De Winter was vrijdag in ’s-Gravenzande dagvoorzitter van een conferentie van griffiers, ict’ers, raadsleden, wethouders en ambtenaren. De vraag van iedereen was: kan het openbaar maken van overheidsinformatie ons helpen om beter om te gaan met onze inwoners? En hoe dan?
Minder ophef
Staatssecretaris Dijkhoff werd in Oranje verweten dat hij het dorp eenzijdig zijn wil oplegde. Die opstelling is exemplarisch voor de houding van de overheid tegenover haar burgers, meent De Winter. „De overheid houdt informatie voor zichzelf en legt inwoners dingen op. De staatssecretaris had moeten toegeven dat hij niet op de hoogte was van de afspraak dat er maximaal 700 vluchtelingen naar Oranje zouden komen. En vervolgens had hij uit moeten leggen dat hij met een probleem zat. Ik sluit niet uit dat er dan minder ophef zou zijn geweest.”
De onderzoeksjournalist die de OV-chipkaart kraakte en door de Volkskrant betiteld is als „de Nederlandse Edward Snowden”, bepleit een „horizontale samenleving” waarin overheid en burger op gelijke voet staan en dezelfde informatie hebben.
De Zoetermeerse wethouder Paalvast is dat met hem eens: „Mensen nemen het niet meer als je hun pas vertelt dat de bomen in hun straat worden omgezaagd wanneer je dat hebt besloten. Ze willen al vanaf het eerste moment daarbij worden betrokken.”
Moet een overheid dan alles maar online zetten? Verschillende deskundigen neigen daar wel naar. De samenleving bestaat uit twitterende, appende en facebookende mensen, constateert De Winter. „Als de overheid niets doet, gaan mensen zich steeds meer buiten de overheid om organiseren. Tijdens de EU-verkiezingen van mei vorig jaar zagen we dat al. Mensen moesten een aantal dagen op de uitslagen wachten en namen dat niet. Ze organiseerden hun eigen methode om een uitslag te krijgen.”
Vrij toegankelijke informatie gaat volgens Mireille van Eechoud, hoogleraar informatierecht aan de Universiteit van Amsterdam, „over het publiceren van gegevens die iedereen gratis kan gebruiken.” „Dat kan ons helpen het vertrouwen van de burger terug te winnen”, stelt SP-senator Gerkens. „Hoe opener je bent, hoe minder weerstand je krijgt vanuit de maatschappij.”

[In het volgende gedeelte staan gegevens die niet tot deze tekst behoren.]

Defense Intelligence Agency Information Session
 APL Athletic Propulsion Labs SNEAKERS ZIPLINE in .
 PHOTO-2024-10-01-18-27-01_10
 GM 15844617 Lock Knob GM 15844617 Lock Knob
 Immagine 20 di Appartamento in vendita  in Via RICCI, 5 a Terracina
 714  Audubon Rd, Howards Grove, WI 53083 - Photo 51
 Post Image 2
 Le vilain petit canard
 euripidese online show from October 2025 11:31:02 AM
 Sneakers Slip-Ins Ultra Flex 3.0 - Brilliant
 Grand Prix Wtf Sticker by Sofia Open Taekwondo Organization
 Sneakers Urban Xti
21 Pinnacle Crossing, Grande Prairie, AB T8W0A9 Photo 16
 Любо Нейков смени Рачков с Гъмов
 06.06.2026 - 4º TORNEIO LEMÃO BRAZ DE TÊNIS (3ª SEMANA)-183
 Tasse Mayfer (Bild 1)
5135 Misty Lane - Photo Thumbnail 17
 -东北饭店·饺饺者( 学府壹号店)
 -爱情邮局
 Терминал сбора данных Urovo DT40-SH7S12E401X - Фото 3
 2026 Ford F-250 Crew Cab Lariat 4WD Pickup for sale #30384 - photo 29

Dat betwist Van Eechoud. „In Utrecht is onderzocht hoe studenten aankijken tegen een website van een gemeente. De website waarop de meeste details stonden, kreeg niet de meeste bijval, maar juist de meeste kritiek.”
Snellere paarden
Echte vernieuwing komt nooit van de overheid, maar van commerciële marktpartijen, denkt wethouder Paalvast. „De beroemde autobouwer Henry Ford zei ooit: „Als ik aan mensen gevraagd had wat ze verlangden, hadden ze gezegd dat ze snellere paarden wilden.” Als overheid moeten we alle gegevens, behalve persoonsgegevens, online zetten. Dan komen bedrijven en burgers vanzelf met goede ideeën.”